A House subcommittee tomorrow will ask three former members of President Obama’s Auto Task Force why they refused to cooperate with an official investigation of the government’s role in forcing 20,000 former white-collar Delphi employees to accept huge pension and health benefit cuts.
The hearing will be held by the TARP, Financial Services and Bailouts of Public and Private Programs subcommittee of the House Oversight and Government Reform Committee. It was sought by Rep. Michael Turner, R-OH, whose district includes numerous Delphi retirees.
The three former task force members scheduled to testify include Ron Bloom, Matthew Feldman and Harry Wilson. They previously refused to cooperate with an investigation by the Special Inspector General for the TARP (SIGTARP) program about their panel’s role in the Delphi controversy.
A spokesman for Turner said he does not know whether any of the three individuals will respond to questions from the subcommittee about the role, if any, of the Auto Task Force in the Delphi settlement.
Turner sought the hearing after SIGTARP Christy L. Romero said she believes “the Auto Task Force played a role in the pension decision and these individuals’ failure to speak to SIGTARP on this issue poses a significant obstacle to SIGTARP’s ability to complete its audit.”
Unlike other federal IGs, the SIGTARP cannot compel witnesses to testify, but Turner’s subcommittee can issue subpoenas.
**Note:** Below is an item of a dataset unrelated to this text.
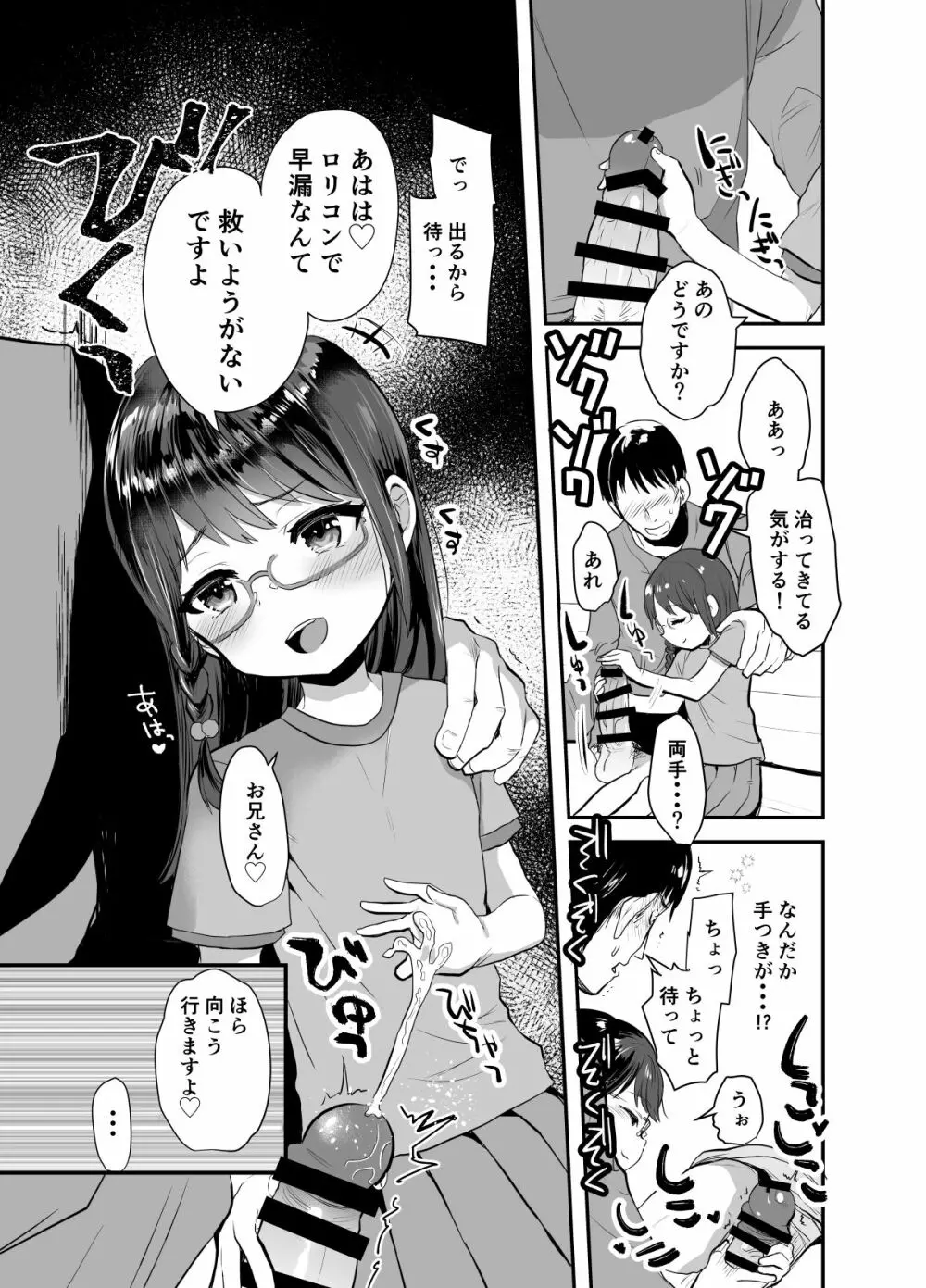 大人しそうな子に手を出して逆に弄ばれる話 - page4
Bloom was chairman of the Auto Task Force, while Feldman and Wilson were members.
“As former employees of the taxpayers, these individuals have a responsibility to answer as to how these decisions were made. The money they used to pick winners and losers wasn’t Obama Administration funds, or PBGC funds – those are taxpayer dollars. Taxpayers have rightfully been demanding an account for how those dollars were used,” Turner said in a statement about the hearing.
The hearing tomorrow will be the latest episode in a long-running battle between the Obama administration and members of Congress, news media groups, and activist non-profits like Judicial Watch regarding the White House refusal to provide documents from the Treasury Department and other government agencies about the federal bailout of Wall Street banks and investment firms, two of Detroit’s Big Three automakers and other “too big to fail” financial institutions.
A key part of the bailout was the role of the federal Pension Benefit Guaranty Corporation (PBGC) in settling pension and health benefit claims from employees and retirees of the former parts supplier to GM.
The Delphi pension fund for more than 70,000 salaried and hourly workers was $7.6 billion short of what was needed to cover promised benefits at the time of the firm’s bankruptcy. The PBGC was required by law to cover $6 billion of the shortfall, but GM only agreed to make up the remainder for hourly employees, not for the salaried workers.
The hourly workers were members of the United Auto Workers Union. Losses among the salaried workers have been estimated to reach as much as 70 percent for many of them.